"Dans nos déserts, résister en nous ancrant dans la Parole et son espérance…"
Lecture biblique de l'Evangile selon Luc 4, 1-3
1Jésus, rempli de l'Esprit saint, revint du Jourdain et fut conduit par l'Esprit dans le désert. 2Il y fut mis à l'épreuve par le diable pendant quarante jours. Il ne mangea rien durant ces jours-là et, quand ils furent passés, il eut faim. 3Le diable lui dit alors : « Si tu es le Fils de Dieu, ordonne à cette pierre de se changer en pain. » 4Jésus lui répondit : « L'Écriture déclare : “L'être humain ne vivra pas de pain seulement.” »
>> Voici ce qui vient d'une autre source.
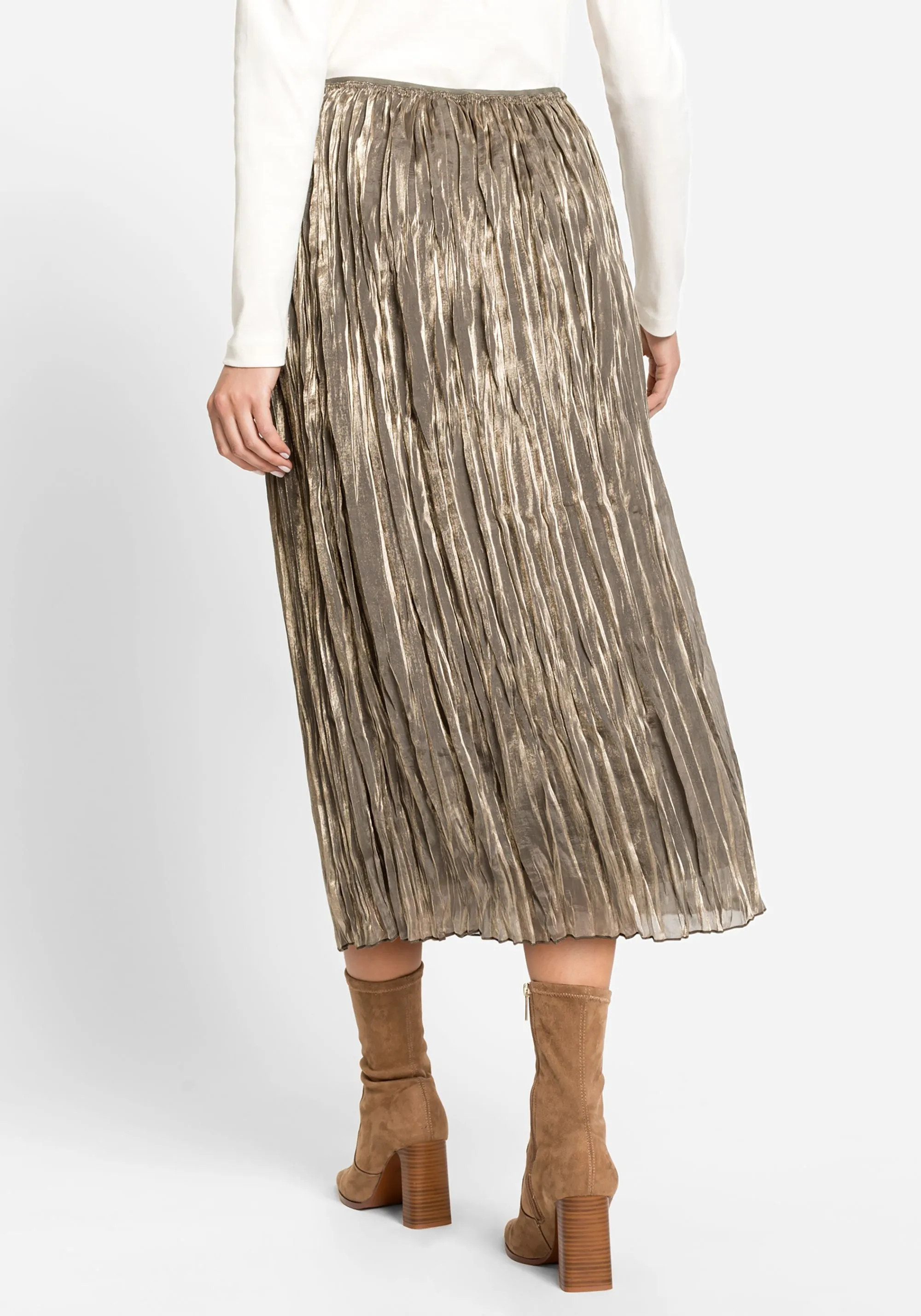 Shimmer Crinkle Pleated Midi Skirt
5Le diable l'emmena plus haut, lui fit voir en un instant tous les royaumes de la terre 6et lui dit : « Je te donnerai toute cette puissance et la gloire de ces royaumes : tout cela m'a été remis et je peux le donner à qui je veux. 7Si donc tu te prosternes devant moi, tout sera à toi. » 8Jésus lui répondit : « L'Écriture déclare : “Adore le Seigneur ton Dieu et ne rends de culte qu'à lui seul.” »
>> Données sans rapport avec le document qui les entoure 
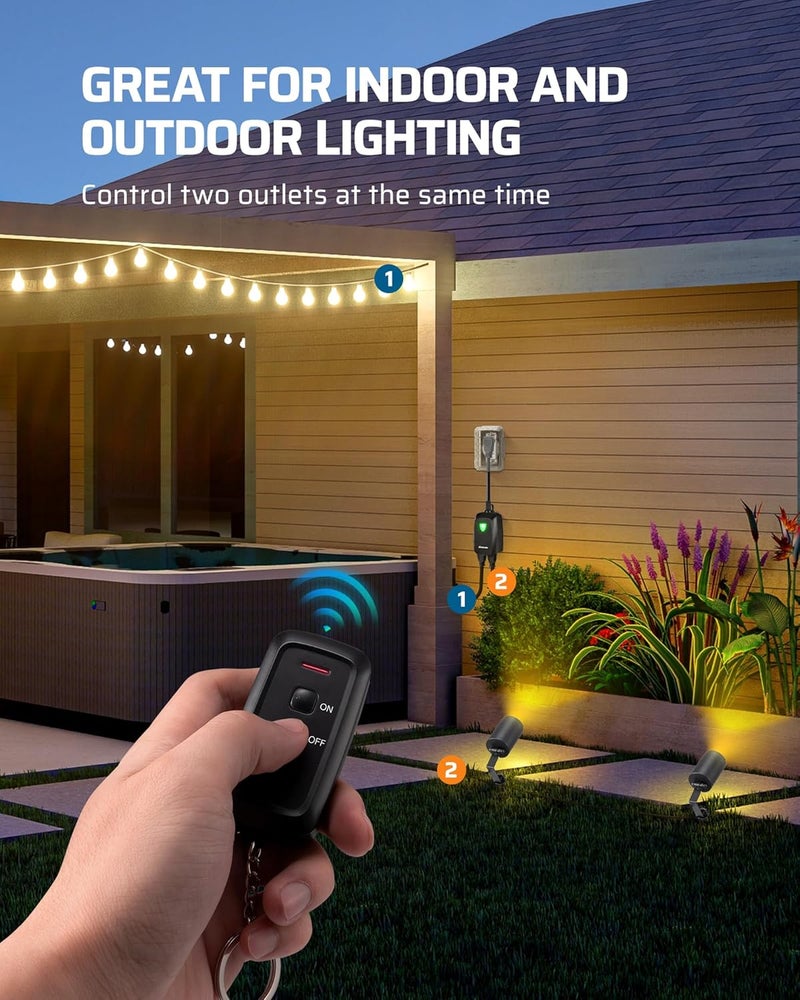 DEWENWILS Wireless Remote Control Outdoor Outlet With 2 Remotes, Electrical Plug-in Light Switch, Weatherproof, 15 AMP Heavy Duty, 100 FT Range, for Lights, Lamp, Fans, ETL Listed - Image 4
9Le diable le conduisit ensuite à Jérusalem, le plaça au sommet du temple et lui dit : « Si tu es le Fils de Dieu, jette-toi d'ici en bas ; 10car l'Écriture déclare : “Dieu ordonnera à ses anges de te garder.” 11Et encore : “Ils te porteront sur leurs mains pour que ton pied ne heurte pas de pierre.” » 12Jésus lui répondit : « L'Écriture déclare : “Tu ne mettras pas à l'épreuve le Seigneur ton Dieu.” »
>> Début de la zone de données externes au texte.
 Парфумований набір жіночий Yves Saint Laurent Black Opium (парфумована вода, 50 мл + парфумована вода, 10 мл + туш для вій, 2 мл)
13Après avoir achevé de tenter Jésus de toutes les manières, le diable s'éloigna de lui jusqu'à une autre occasion.
Prédication: « Dans nos déserts, résister en nous ancrant dans la Parole et son espérance… »
Résumé : Avec l’actualité, nous revoilà plongé dans nos déserts. Dans ceux-ci, à l’instar du Christ, nous sommes invités à résister à la tentation du « tout tout de suite » en nous ancrant dans la Parole de Dieu et dans son espérance qui nous promet une vie nouvelle.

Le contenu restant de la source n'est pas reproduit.